[SOURCE MATERIAL Boundary: Start]
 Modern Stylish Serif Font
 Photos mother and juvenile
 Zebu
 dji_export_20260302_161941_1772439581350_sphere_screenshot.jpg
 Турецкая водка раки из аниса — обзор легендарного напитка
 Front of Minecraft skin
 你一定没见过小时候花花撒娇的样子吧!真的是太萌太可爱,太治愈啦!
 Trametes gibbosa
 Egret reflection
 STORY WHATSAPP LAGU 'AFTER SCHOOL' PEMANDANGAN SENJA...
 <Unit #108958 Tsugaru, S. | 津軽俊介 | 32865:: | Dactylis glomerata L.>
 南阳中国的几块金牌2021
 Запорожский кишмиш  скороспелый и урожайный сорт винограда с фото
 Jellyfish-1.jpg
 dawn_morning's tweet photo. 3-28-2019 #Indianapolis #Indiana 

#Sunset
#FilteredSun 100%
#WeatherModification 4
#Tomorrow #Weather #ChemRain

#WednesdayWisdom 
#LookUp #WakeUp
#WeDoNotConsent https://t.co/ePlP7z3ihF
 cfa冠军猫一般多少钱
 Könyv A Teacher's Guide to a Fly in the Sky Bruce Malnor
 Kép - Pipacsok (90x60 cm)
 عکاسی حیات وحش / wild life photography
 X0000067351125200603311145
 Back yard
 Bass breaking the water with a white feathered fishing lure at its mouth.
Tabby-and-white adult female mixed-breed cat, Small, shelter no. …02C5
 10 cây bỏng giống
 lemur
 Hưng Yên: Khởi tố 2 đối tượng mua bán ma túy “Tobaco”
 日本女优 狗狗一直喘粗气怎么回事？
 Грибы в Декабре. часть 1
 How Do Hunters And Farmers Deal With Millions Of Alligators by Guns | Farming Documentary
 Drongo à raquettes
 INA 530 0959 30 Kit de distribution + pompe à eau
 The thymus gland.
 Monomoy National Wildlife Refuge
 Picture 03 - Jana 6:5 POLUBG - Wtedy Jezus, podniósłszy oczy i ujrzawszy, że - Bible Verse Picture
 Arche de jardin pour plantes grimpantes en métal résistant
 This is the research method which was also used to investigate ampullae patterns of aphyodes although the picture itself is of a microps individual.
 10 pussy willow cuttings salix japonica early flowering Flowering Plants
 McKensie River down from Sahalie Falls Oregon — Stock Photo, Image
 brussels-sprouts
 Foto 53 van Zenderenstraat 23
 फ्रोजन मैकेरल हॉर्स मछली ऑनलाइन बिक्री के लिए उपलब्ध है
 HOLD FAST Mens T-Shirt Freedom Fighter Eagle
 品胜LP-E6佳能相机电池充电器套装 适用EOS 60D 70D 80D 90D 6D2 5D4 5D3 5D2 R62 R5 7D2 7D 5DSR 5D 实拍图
[SOURCE MATERIAL Boundary: End]
» **EXERCISE**
Each record above has to be set down again, word for word.

» **RESULT**
 Modern Stylish Serif Font
 Photos mother and juvenile
 Zebu
 dji_export_20260302_161941_1772439581350_sphere_screenshot.jpg
 Турецкая водка раки из аниса — обзор легендарного напитка
 Front of Minecraft skin
 你一定没见过小时候花花撒娇的样子吧!真的是太萌太可爱,太治愈啦!
 Trametes gibbosa
 Egret reflection
 STORY WHATSAPP LAGU 'AFTER SCHOOL' PEMANDANGAN SENJA...
 <Unit #108958 Tsugaru, S. | 津軽俊介 | 32865:: | Dactylis glomerata L.>
 南阳中国的几块金牌2021
 Запорожский кишмиш  скороспелый и урожайный сорт винограда с фото
 Jellyfish-1.jpg
 dawn_morning's tweet photo. 3-28-2019 #Indianapolis #Indiana 

#Sunset
#FilteredSun 100%
#WeatherModification 4
#Tomorrow #Weather #ChemRain

#WednesdayWisdom 
#LookUp #WakeUp
#WeDoNotConsent https://t.co/ePlP7z3ihF
 cfa冠军猫一般多少钱
 Könyv A Teacher's Guide to a Fly in the Sky Bruce Malnor
 Kép - Pipacsok (90x60 cm)
 عکاسی حیات وحش / wild life photography
 X0000067351125200603311145
 Back yard
 Bass breaking the water with a white feathered fishing lure at its mouth.
Tabby-and-white adult female mixed-breed cat, Small, shelter no. …02C5
 10 cây bỏng giống
 lemur
 Hưng Yên: Khởi tố 2 đối tượng mua bán ma túy “Tobaco”
 日本女优 狗狗一直喘粗气怎么回事？
 Грибы в Декабре. часть 1
 How Do Hunters And Farmers Deal With Millions Of Alligators by Guns | Farming Documentary
 Drongo à raquettes
 INA 530 0959 30 Kit de distribution + pompe à eau
 The thymus gland.
 Monomoy National Wildlife Refuge
 Picture 03 - Jana 6:5 POLUBG - Wtedy Jezus, podniósłszy oczy i ujrzawszy, że - Bible Verse Picture
 Arche de jardin pour plantes grimpantes en métal résistant
 This is the research method which was also used to investigate ampullae patterns of aphyodes although the picture itself is of a microps individual.
 10 pussy willow cuttings salix japonica early flowering Flowering Plants
 McKensie River down from Sahalie Falls Oregon — Stock Photo, Image
 brussels-sprouts
 Foto 53 van Zenderenstraat 23
 फ्रोजन मैकेरल हॉर्स मछली ऑनलाइन बिक्री के लिए उपलब्ध है
 HOLD FAST Mens T-Shirt Freedom Fighter Eagle
 品胜LP-E6佳能相机电池充电器套装 适用EOS 60D 70D 80D 90D 6D2 5D4 5D3 5D2 R62 R5 7D2 7D 5DSR 5D 实拍图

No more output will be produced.